The following is a partial lit review from January 2017 of recent conversations surrounding Linked Open Data within the humanities with a focus on what generosity means in the context of the Semantic Web. I’ve experimented with form in this post by lifting key voices out of the text and styling them as block quotes in order to better visualize the range of opinions presented in this review.
I have also set up a corresponding (open) annotated bibliography on Zotero which you can find here. The annotations can be found in both the Notes attached to each citation, as well as under Extra so that readers may quickly move through the citations, rather than having to open each Note separately. Where possible, I have processed the text of the essays, blog posts, and articles featured in this annotated bibliography using Voyant Tools and included up to ten tags of the most frequently used words.

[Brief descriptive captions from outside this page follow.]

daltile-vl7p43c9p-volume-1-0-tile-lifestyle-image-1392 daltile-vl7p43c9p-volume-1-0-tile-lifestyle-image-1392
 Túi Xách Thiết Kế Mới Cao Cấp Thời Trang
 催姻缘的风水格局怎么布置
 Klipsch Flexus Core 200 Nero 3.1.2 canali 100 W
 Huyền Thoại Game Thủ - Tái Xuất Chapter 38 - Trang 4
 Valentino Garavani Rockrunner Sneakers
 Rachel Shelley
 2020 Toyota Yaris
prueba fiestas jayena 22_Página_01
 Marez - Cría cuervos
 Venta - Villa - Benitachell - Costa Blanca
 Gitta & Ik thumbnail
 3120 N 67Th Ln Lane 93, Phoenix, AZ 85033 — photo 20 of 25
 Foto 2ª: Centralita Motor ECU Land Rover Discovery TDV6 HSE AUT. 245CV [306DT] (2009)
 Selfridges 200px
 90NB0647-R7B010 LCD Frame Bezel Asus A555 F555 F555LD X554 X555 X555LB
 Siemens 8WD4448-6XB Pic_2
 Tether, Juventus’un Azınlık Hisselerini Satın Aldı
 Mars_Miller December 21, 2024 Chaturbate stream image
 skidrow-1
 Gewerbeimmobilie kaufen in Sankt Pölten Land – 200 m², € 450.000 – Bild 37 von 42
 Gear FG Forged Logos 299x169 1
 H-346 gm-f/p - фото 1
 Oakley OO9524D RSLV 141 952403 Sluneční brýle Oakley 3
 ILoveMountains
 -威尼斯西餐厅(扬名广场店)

The dream of the Semantic Web and the emergence of LOD
Popular buzz surrounding the Semantic Web has been going on since the early 2000s, later epitomized in a TED talk Tim Berners-Lee delivered in 2009. In his talk, Berners-Lee announced to the world that he needed some help revamping the World Wide Web: a world in which web documents and data coexist. What he asked for was a collective push towards making raw data available on the Web, by which he meant machine-readable data. The same year Berners-Lee, Christian Bizer, and Tom Heath published a paper in the International Journal on Semantic Web and Information Systems titled, “Linked Data – The Story so Far.” In it, they describe Linked Data as “a set of best practices for publishing and connecting structured data on the Web” which opens up the possibility of establishing a “global data space.” Where Open Data means data that is freely accessible on the web in non-proprietary form, Linked Open Data (or LOD) at its most basic is hyperlinked data, meaning data that references and connects to other data on the Web. Structurally, LOD is created through the use of URIs (Unique Resource Identifiers), the vocabularies that identify and define relationships between resources (which make up web ontologies), and RDF (Resource Description Framework). If the World Wide Web is made up of documents, then the Semantic Web is a Web made up of data. For a complete technical overview on LOD, I recommend a look at linkeddata.org, the W3C, or the Berners-Lee and co. paper referenced above. There is still much confusion surrounding the relationship between the Semantic Web and Linked Open Data. Where some believe the Semantic Web and LOD to be one and the same, others understand the Semantic Web as made up of Linked (Open) Data – this review subscribes to the latter. The lack of consensus, however, is interesting and perhaps representational of the spirit of Linked Open Data in that it reflects both its charm and difficulty, that is, the nature of LOD’s conflicting ontologies and unregulated vocabularies.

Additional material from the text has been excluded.